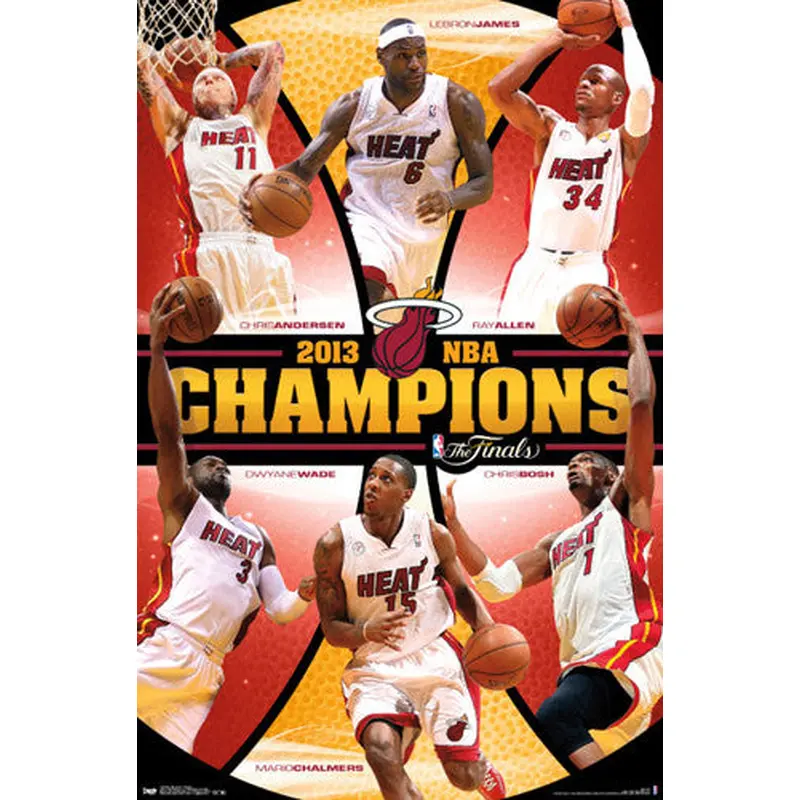 Miami Heat 2013 NBA Champions Official 6-Player Commemorative Poster - Costacos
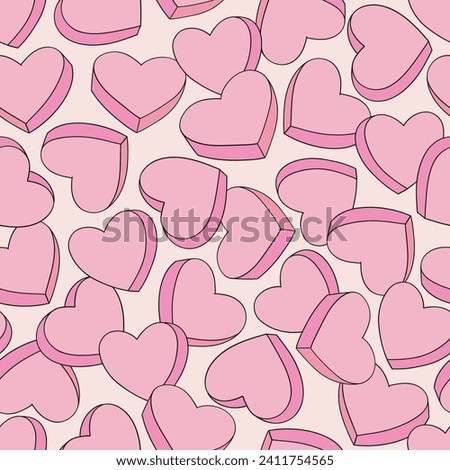 Pastel Pink aesthetic hearts vector seamless pattern. Saint Valentines Day romantic love background.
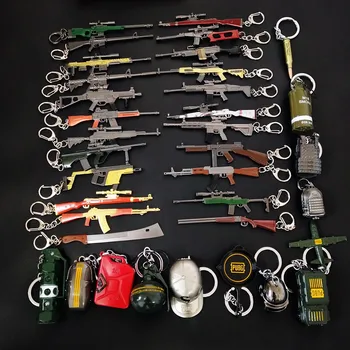 

Game PUBG Keychain All Styles PUBG 98K AWM Weapon Model Keyring Helmet Pan key chain llaveros For Cosplay Fans Gifts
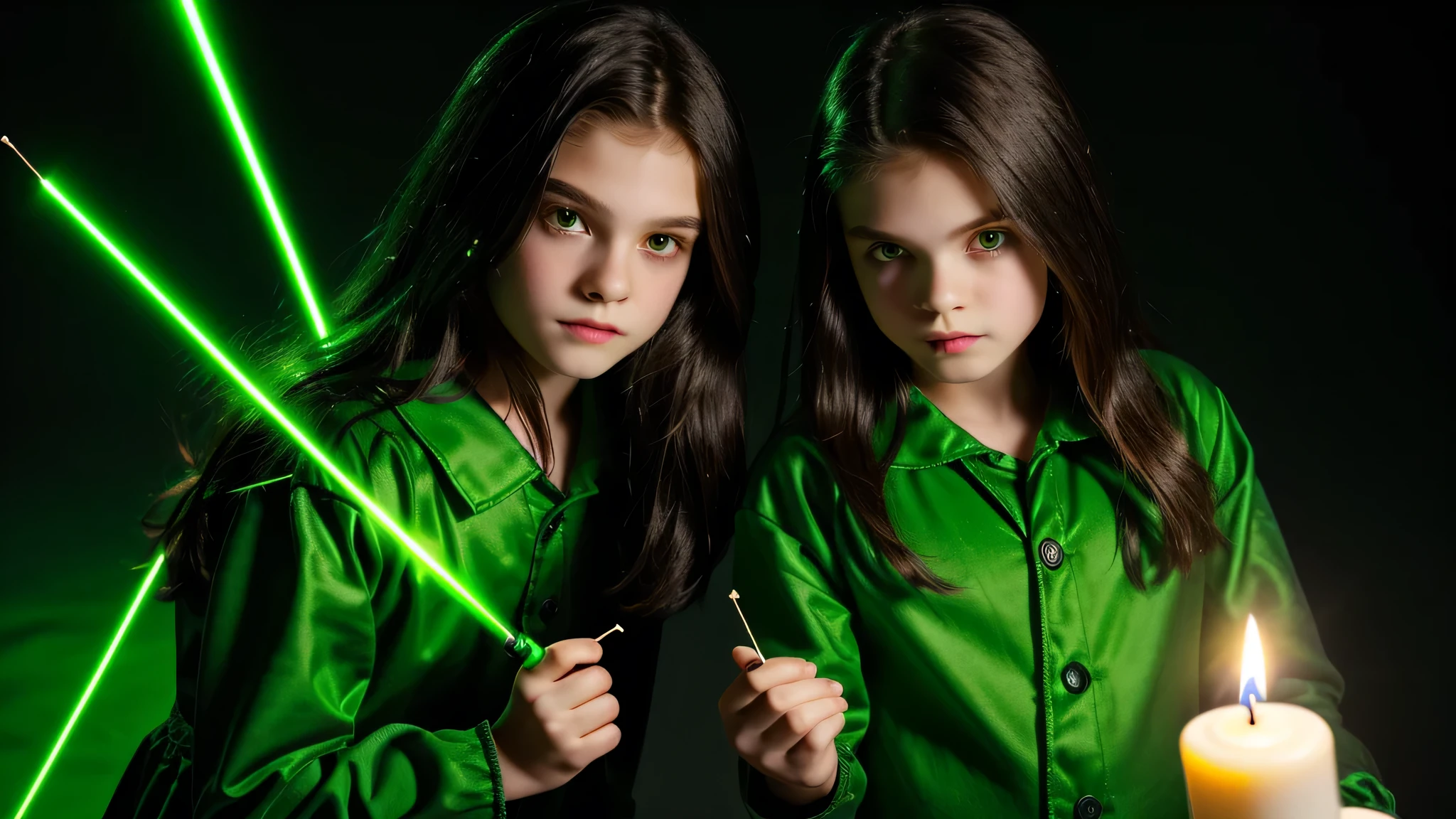 KIDS vampire green clothes. and candles, GREEN LASER LASER.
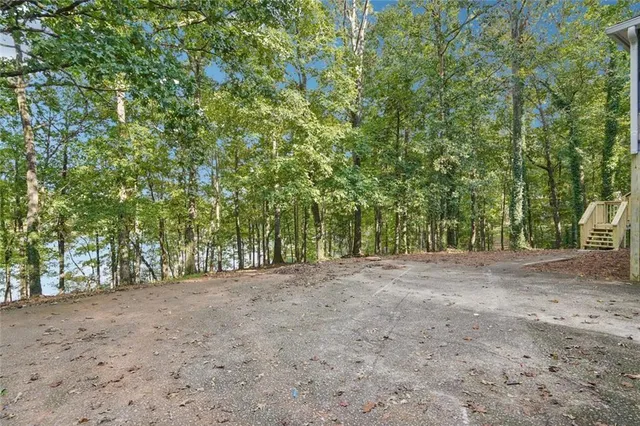 a view of a yard with large trees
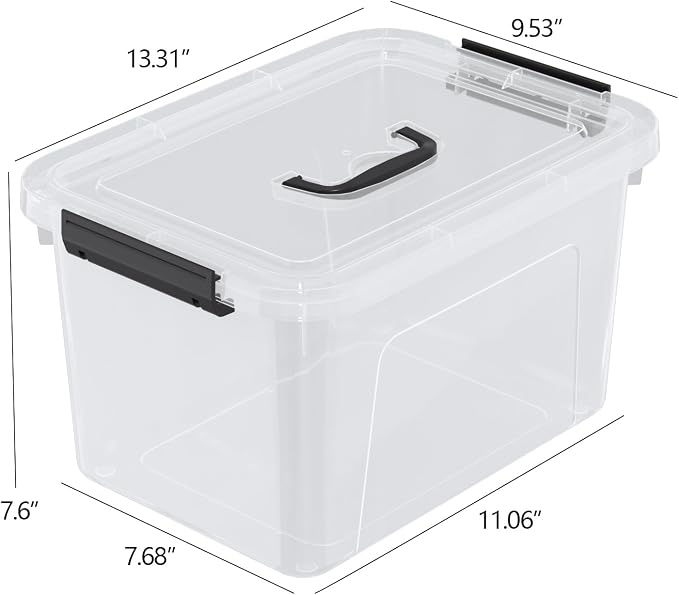 Wekioger 4 Packs Plasitc Lidded Storage Bins, Clear Latching Boxes with Handles (10 Quart)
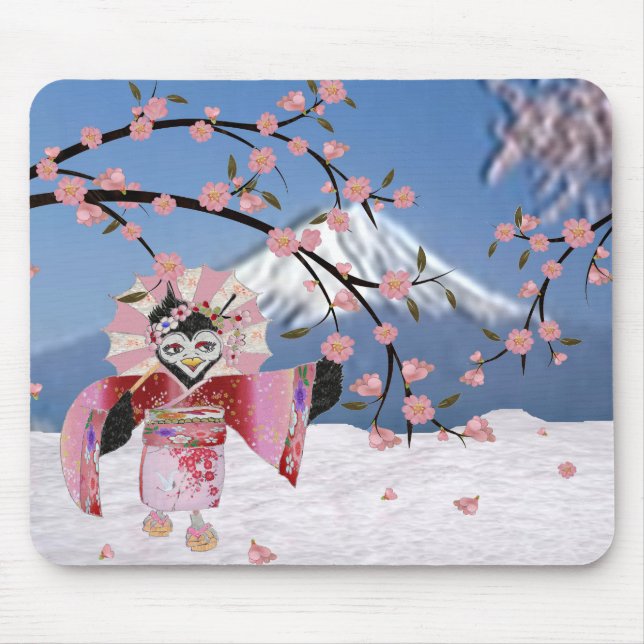 Sakura Geisha Bird in the Snow Cherry Blossoms Mouse Pad (Front)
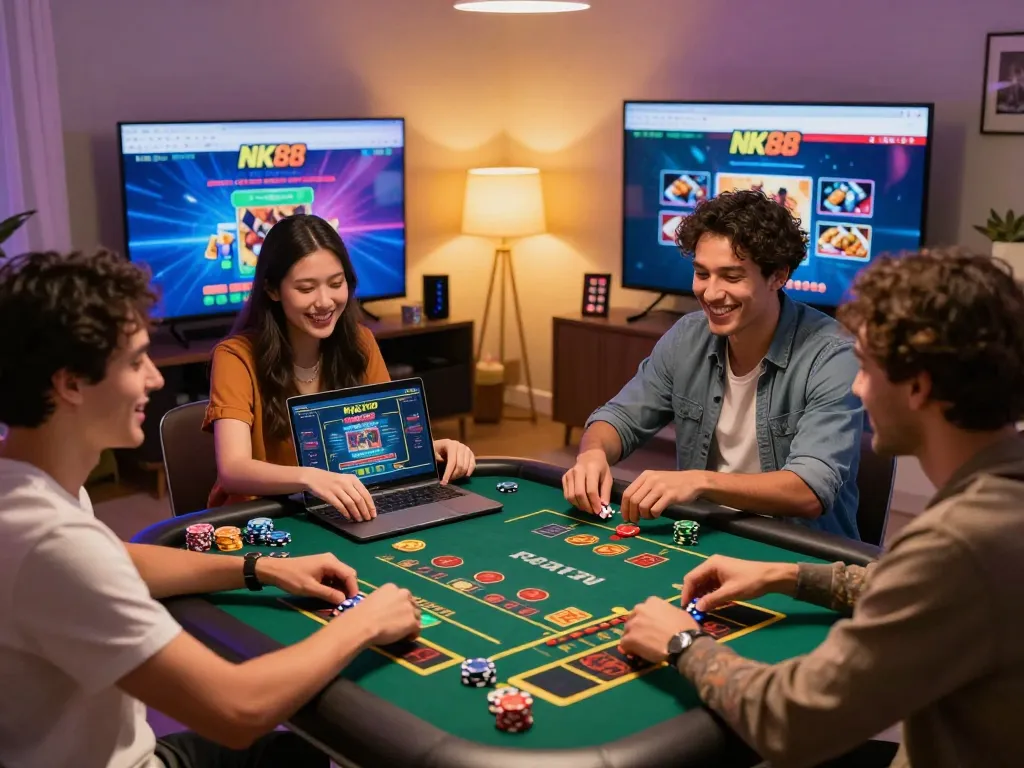 Friends enjoying NK88 love while playing online casino games in a lively home setting.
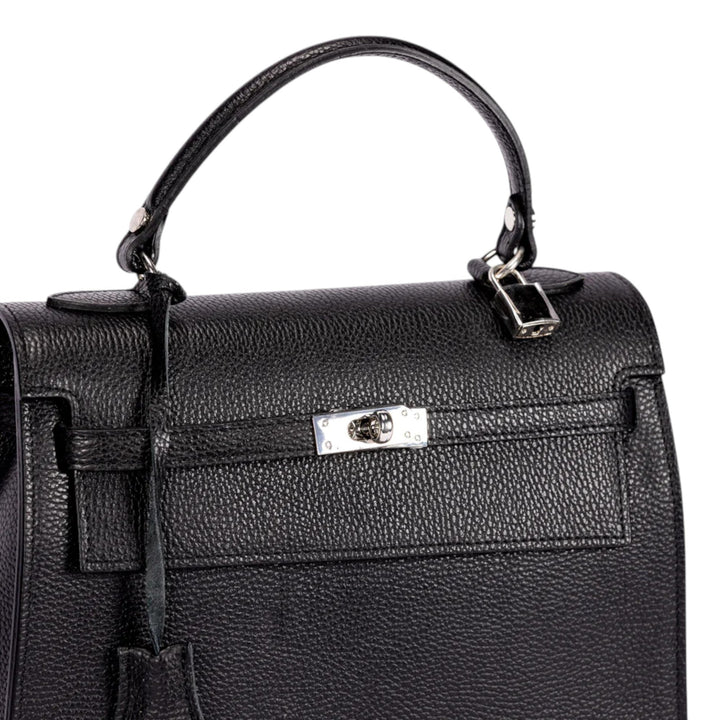 Baubles Bags Elena Ladies Handbag with Silver Accents with Elegant Gold Bottom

::::

* **Task to carry out**:
Nothing is needed beyond an exact transcription of the lines from the one containing "Friends enjoying NK88" to the end of the entries above, with the pictures omitted.

* **Task answer**:
 Friends enjoying NK88 love while playing online casino games in a lively home setting.
 Baubles Bags Elena Ladies Handbag with Silver Accents with Elegant Gold Bottom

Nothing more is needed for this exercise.